After entering the body, coumarins are easily absorbed and metabolized by cytochrome P450 catalysis. The metabolism of coumarins requires the participation of a large number of biological enzymes, and the metabolic pathways are mainly hydroxylation, dehydrogenation, demethylation, ring opening of lactone rings, and binding reactions, which finally produce a variety of compounds.
1. Oxidative metabolism
Oxidation reaction is a common drug metabolism reaction, including hydroxylation and dehydrogenation, among which hydroxylation reaction is the most common. Coumarins are easily hydroxylated by CYP2A6, and the hydroxylated coumarins are easily bound to glucuronic acid and sulfuric acid, and finally excreted in the form of conjugates through the kidneys. The 8-methylpsoralenolide in angelica is hydroxylated to produce 5-hydroxy-8-methoxypsoralenolide.

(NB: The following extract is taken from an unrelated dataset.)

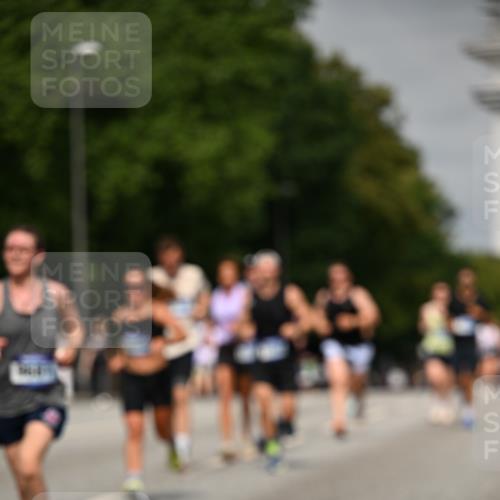 29.06.2025 - hella hamburg halbmarathon Dr. Thomas Lammeyer http://msf.ph/oto/8242894 29.06.2025 10:14:12 Kennedybrücke 1052, 1456, 1483, 1513, 1573, 4389, 7042, 7058, 7250, 7685, 8090, 8890, 9681, 9816, 9988, 11027, 11180 meine-sportfotos.de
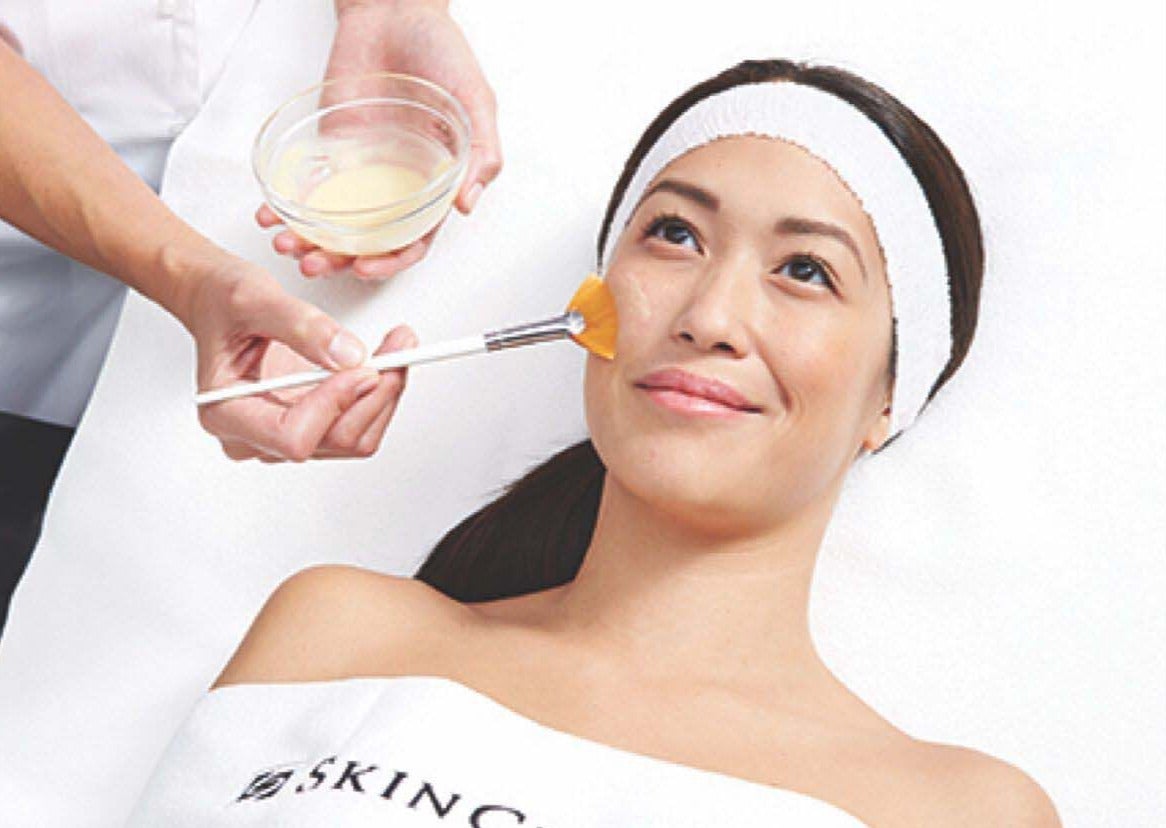 Black Friday Sale: SkinCeuticals Signature Facial, Peel & LED Light Therapy (save up to €153)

Demethylation is an important pathway of coumarin metabolism. After oral administration of 6,7-dimethoxycoumarin to rats, there are mainly 2 metabolites (M1 and M2) in the body. The analysis revealed that M1 and M2 are isomers of each other, which are sulfate esters conjugated with sulfuric acid molecules after the hydrolysis of 6,7-dimethoxycoumarin by demethylation to form 6-hydroxy-7-methoxycoumarin. The coumarin component of angelica, 8-methoxypsoralenolide, can be demethylated in vivo to produce the metabolite 8-hydroxysoralenolide. Methoxyparaffin can also undergo demethylation in liver microsomes to produce demethylmethoxyparaffin.
3. Binding metabolism
Coumarins contain one to more hydroxyl groups, which are easily combined with glucuronic acid, sulfuric acid and glutathione after hydroxylation in phase I metabolism (phase II metabolism), resulting in water-soluble compounds that are excreted from the body. The binding metabolism mainly occurs in the liver and intestine, and the epithelial cells of the small intestine mucosa have glucuronosyltransferase (UDPGT), sulfate transferase (ST), methyltransferase (MT) and other phase II metabolizing enzymes. Some coumarins are absorbed or metabolized by the intestine and continue to be metabolized after entering the liver from the portal vein. The binding metabolism of coumarins is mainly glucuronidation, sulfation, glutathione binding and methylation.
Coumarins are hepatotoxic to rats, but less so to mice. Rodents metabolize it primarily to 3,4-coumarin epoxide, a toxic, unstable compound, and further differential metabolism may lead to liver cancer in rats and lung tumors in mice.